* Exercise goal: In the entries below, find the line containing "sur toile tendue" and the line containing "Beige Spun Silk". Copy those two lines and everything between them exactly, and only that.

___ Data for review

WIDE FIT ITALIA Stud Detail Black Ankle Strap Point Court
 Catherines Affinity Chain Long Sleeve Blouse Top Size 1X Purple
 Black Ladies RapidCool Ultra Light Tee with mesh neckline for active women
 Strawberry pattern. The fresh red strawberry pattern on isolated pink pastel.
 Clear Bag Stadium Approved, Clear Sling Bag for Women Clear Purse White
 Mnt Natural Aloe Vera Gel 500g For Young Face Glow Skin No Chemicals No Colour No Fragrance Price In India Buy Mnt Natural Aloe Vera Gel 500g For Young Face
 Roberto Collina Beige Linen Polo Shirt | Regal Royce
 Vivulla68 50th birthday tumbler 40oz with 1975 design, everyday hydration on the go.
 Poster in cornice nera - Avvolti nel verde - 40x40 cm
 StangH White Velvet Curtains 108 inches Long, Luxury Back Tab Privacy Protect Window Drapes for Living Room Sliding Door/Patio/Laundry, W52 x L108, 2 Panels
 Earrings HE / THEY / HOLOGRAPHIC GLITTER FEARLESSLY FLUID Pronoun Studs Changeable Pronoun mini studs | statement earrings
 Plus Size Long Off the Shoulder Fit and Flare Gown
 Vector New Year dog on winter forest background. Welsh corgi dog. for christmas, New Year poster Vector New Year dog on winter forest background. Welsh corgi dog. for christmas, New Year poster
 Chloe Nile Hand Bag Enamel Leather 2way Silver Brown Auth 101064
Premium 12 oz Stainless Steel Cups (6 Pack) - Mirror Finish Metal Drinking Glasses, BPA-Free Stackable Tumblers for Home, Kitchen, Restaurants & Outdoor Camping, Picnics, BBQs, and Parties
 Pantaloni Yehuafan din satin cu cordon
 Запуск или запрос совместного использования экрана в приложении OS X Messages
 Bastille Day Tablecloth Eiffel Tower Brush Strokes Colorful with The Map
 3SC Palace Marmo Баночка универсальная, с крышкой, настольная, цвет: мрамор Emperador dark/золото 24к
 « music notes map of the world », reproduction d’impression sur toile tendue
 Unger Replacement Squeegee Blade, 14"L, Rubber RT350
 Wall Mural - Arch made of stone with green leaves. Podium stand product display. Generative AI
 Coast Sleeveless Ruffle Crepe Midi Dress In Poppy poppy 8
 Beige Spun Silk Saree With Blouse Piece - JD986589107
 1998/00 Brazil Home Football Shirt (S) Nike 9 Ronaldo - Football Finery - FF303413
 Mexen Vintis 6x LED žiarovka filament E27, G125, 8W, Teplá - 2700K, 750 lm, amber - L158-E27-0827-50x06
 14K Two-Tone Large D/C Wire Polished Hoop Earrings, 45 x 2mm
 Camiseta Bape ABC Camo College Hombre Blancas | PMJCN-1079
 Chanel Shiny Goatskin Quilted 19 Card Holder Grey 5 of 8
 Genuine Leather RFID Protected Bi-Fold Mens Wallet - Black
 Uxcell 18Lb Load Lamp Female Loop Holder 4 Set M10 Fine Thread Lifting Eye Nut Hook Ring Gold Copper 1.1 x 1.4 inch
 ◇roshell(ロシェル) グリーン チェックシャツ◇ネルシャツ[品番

______

* Output for this exercise:
 « music notes map of the world », reproduction d’impression sur toile tendue
 Unger Replacement Squeegee Blade, 14"L, Rubber RT350
 Wall Mural - Arch made of stone with green leaves. Podium stand product display. Generative AI
 Coast Sleeveless Ruffle Crepe Midi Dress In Poppy poppy 8
 Beige Spun Silk Saree With Blouse Piece - JD986589107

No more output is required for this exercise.